The only constructs in Elm capable of case analysis are case and multiway if (which I'll call MWI). Neither of these define a name visible from the outside (the first type of binding). The MWI clearly does not bind arguments (the second type). I argue that a case branch does not bind arguments either; it performs pattern matching on a known type rather than accepts them as a variable. It's possible to pattern match without binding arguments, for example to a number literal or to a union tag with no parameters. Furthermore, calling a function always means performing an argument binding, but invoking a case statement does not guarantee that a particular pattern match will be used. So I don't consider case or the MWI to be binding constructs in either sense of binding, as outlined above.

In conclusion, lambda is a binding construct.

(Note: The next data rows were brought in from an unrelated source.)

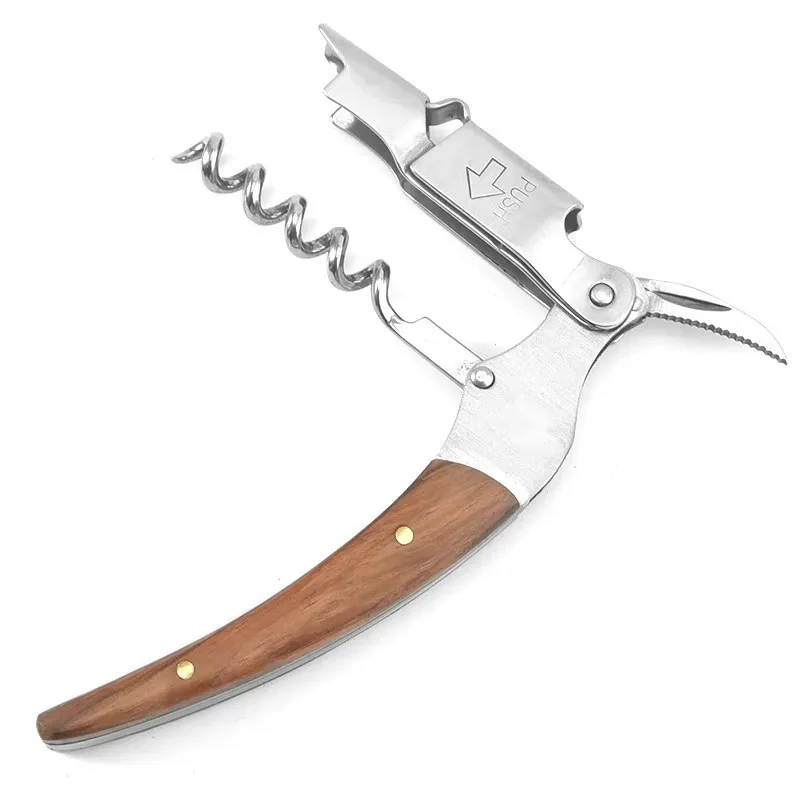 50Pcs/Lot Multifunction Portable Screw Beer Wine Corkscrew Kitchen Tools Red Wine Opener Wood Handle Wine Beer Bottle Opener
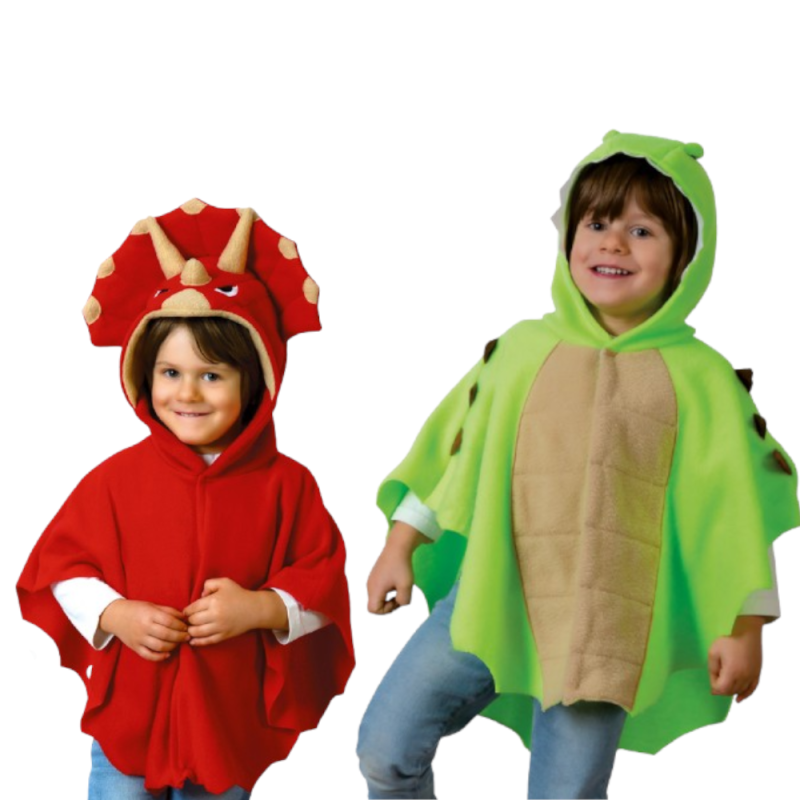 Kinder Dinosaurier Kostüme – Weicher Poncho mit Kapuze, Triceratops oder Drache – Perfekt für kreatives Spielen Überwurf Dino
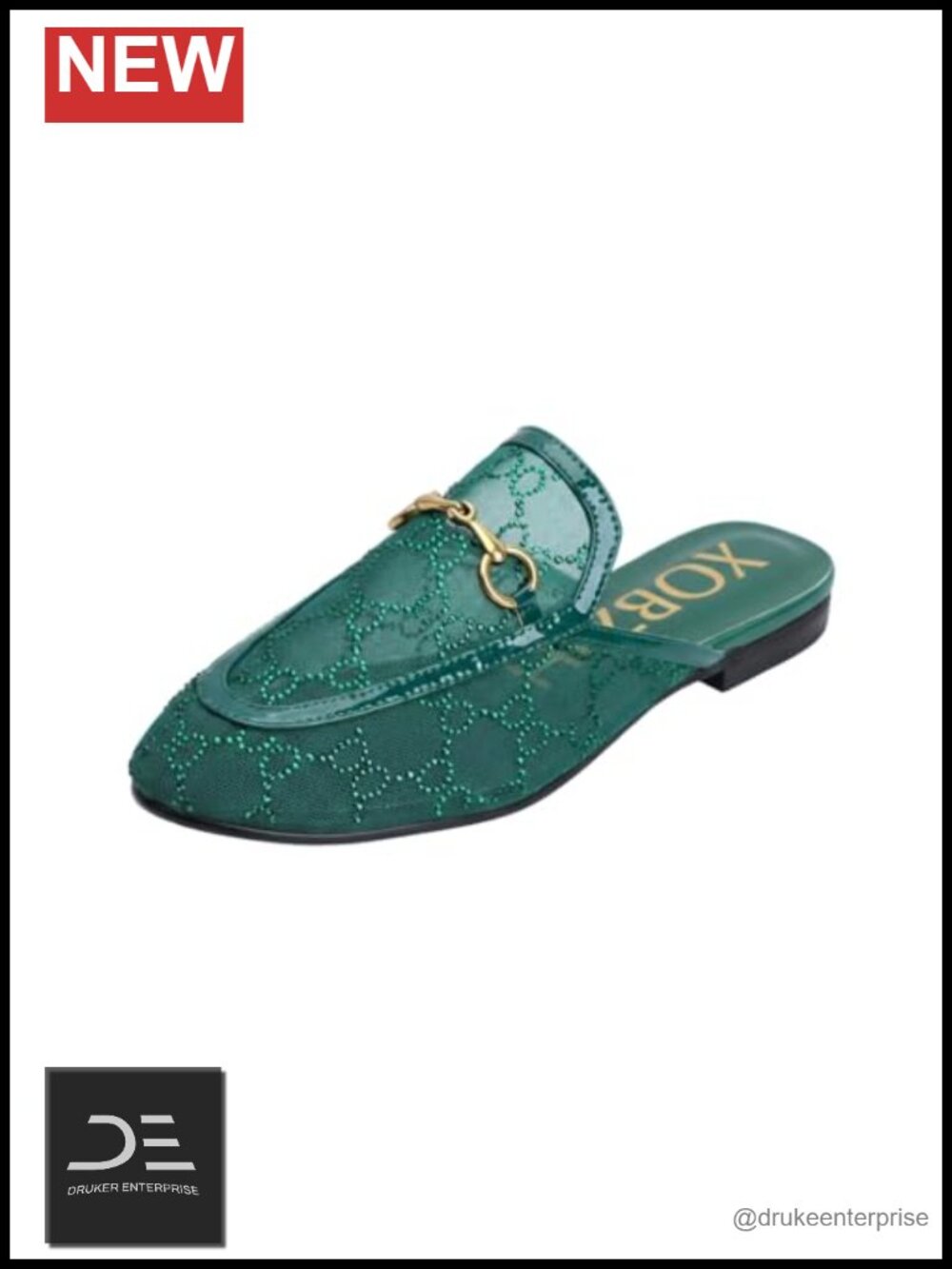 Women's Sparkly Rhinestone Mesh Mules Backless Loafers Gold Horsebit Slip-On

Claiming it is not leads to the = and -> confusion I demonstrated above. The MWI and case are not binding constructs, but rather are case analysis constructs. It is therefore fitting to write lambdas with = so that all (and only) binding constructs use = and all (and only) case analysis constructs use ->.

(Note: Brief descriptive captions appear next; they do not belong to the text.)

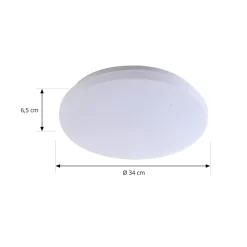 Lindby LED udendørs loftslampe Kirkola, 4000 K, Ø 34 cm, hvid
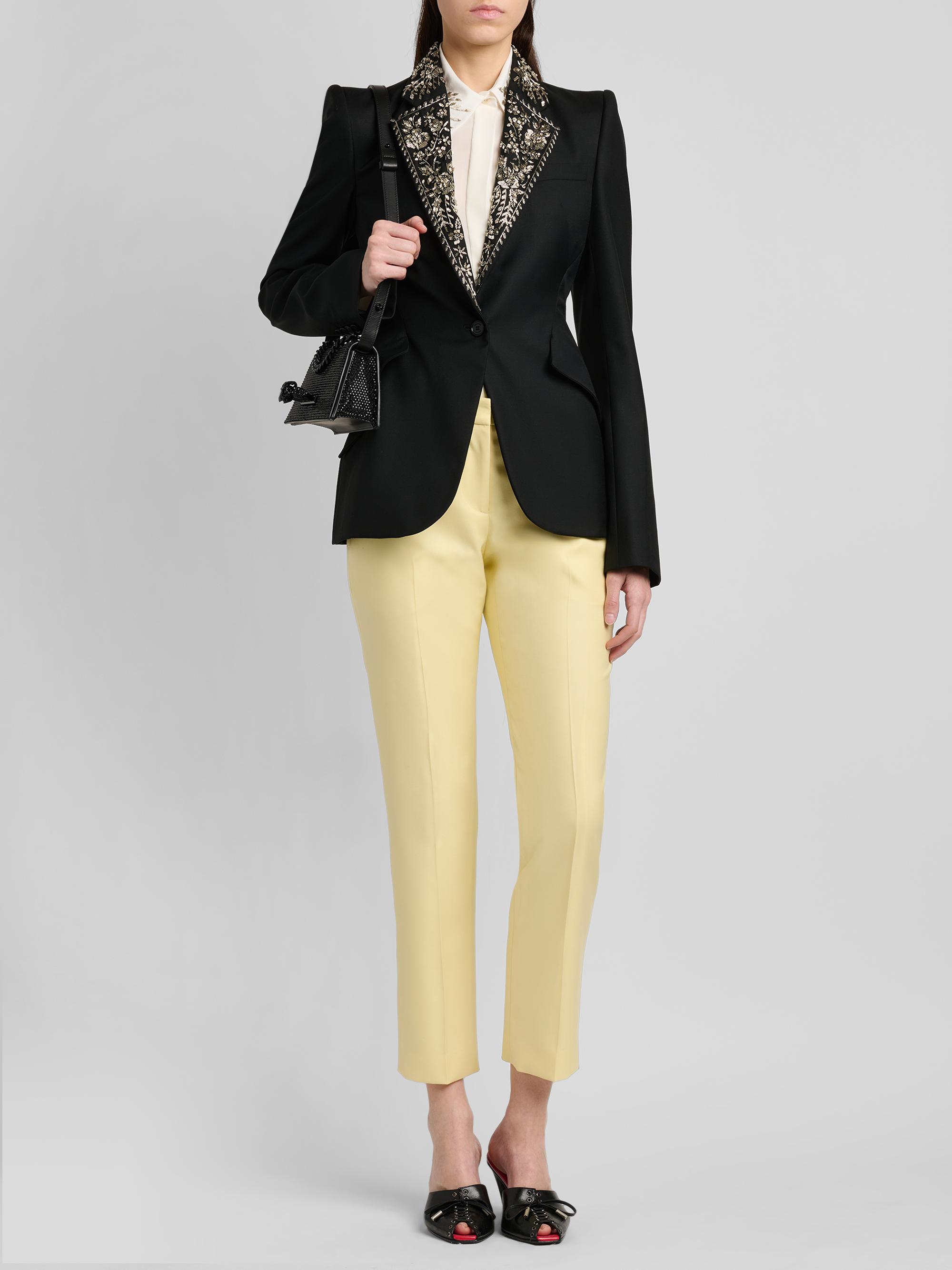 McQueen Women's Floral-Embellished Wool One-Button Blazer - Black | Thumbnail 2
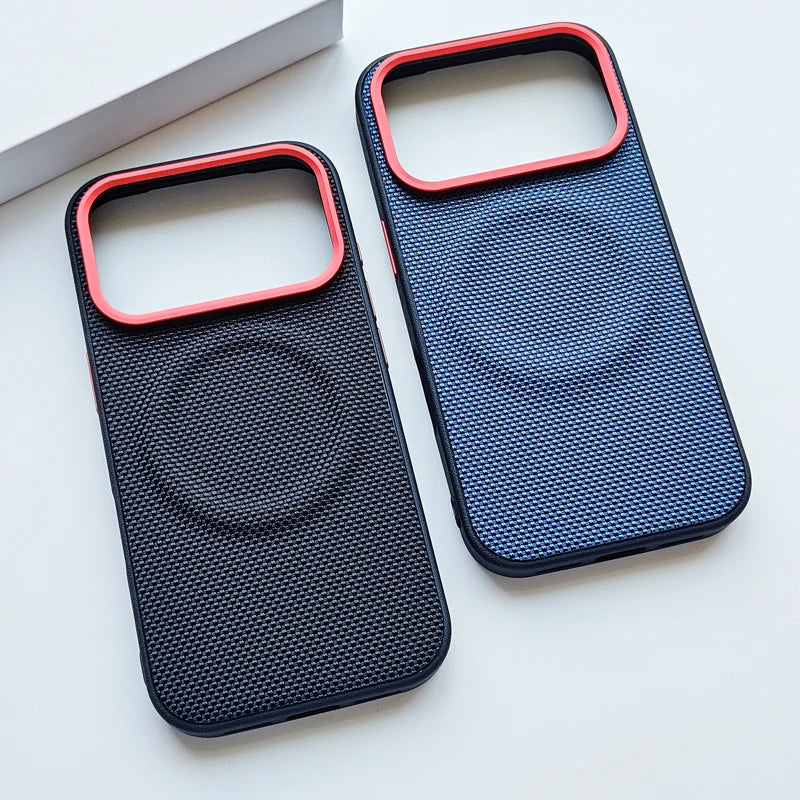 Luxury Magnetic Woven Leather iPhone 17 Case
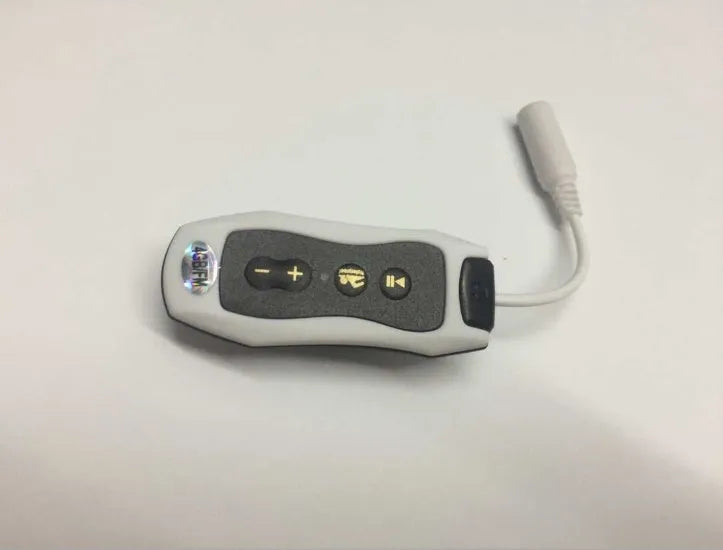 Compact waterproof IPX68 Bluetooth MP3 headset in six colours: black, blue, green, orange, pink, white.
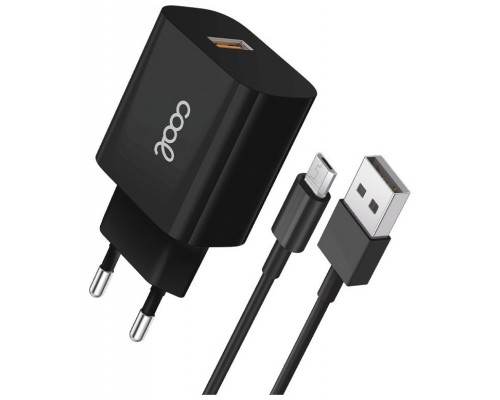 CARGADOR COOL MICRO USB 2.4 AMP BLACK  CABLE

JoeyEremondi commented 9 years ago

Yeah, I'm with @maxsnew on this one. To me, the essence of a lambda expression is that it isn't bound to anything, it's its own object which can be passed around and manipulated. Recursion is happening at the let-level, not at the lambda level.

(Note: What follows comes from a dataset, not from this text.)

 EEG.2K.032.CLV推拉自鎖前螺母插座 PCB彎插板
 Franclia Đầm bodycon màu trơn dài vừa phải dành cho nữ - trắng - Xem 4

For functions, the actual binding doesn't happen at the Lambda construction site, but at the call site. That's when the environment changes. So to me, having = would confuse newcomers, making them think that something was being assigned or bound when a Lambda is created, which it isn't.

On top of that, I like the intuition -> gives of mapping a value to another value.

mgold commented 9 years ago

For functions, the actual binding doesn't happen at the Lambda construction site, but at the call site.

This is true of top-level and let-bound functions as well.

On top of that, I like the intuition -> gives of mapping a value to another value.

Again, named functions do this as well.

For all the talk of binding an environments, I don't think that's how newcomers will think. "Here's a definition" or "here's where a function is being created" are different from "here's a case analysis expression".

dobesv commented 9 years ago

The -> isn't just a hold-over from Haskell/ML but actually it's an ASCII approximation of the function arrow; x ↦ x*2 is mathematical notation for a lambda.

The use of the leading backslash probably comes from the lambda calculus, where lambda expressions are written like λx.xx, but using \ because ASCII lacks the lambda letter.

Somehow the two have been merged here, probably because they wanted to use . for function composition or something.

The same ASCII arrow is used to represent the function type arrow which is a slighly different symbol but the two are distinguished in Haskell/Elm/ML based on context (types and values have distinct namespaces / operators).

So in a way the use of the arrow here is following mathematical notation.

In mathematical notation it is common to write "named" functions in the form f(x) = x*x which is where you can see the equals sign.

So, I think the current syntax originates in mathematical notation and it is, in that sense, consistent.

I'm not sure about the multi-way if and case uses of the arrow, however.

dobesv commented 9 years ago

That said I see your point about = being possibly more consistent with other binding constructs. However, I'm not sure it's a significant improvement over the consistency with mathematics, and consistency with other languages is worth something, too. I'd probably vote in favor of the status quo.

mgold commented 9 years ago

Closing due to opposition (which is not entirely unpersuasive).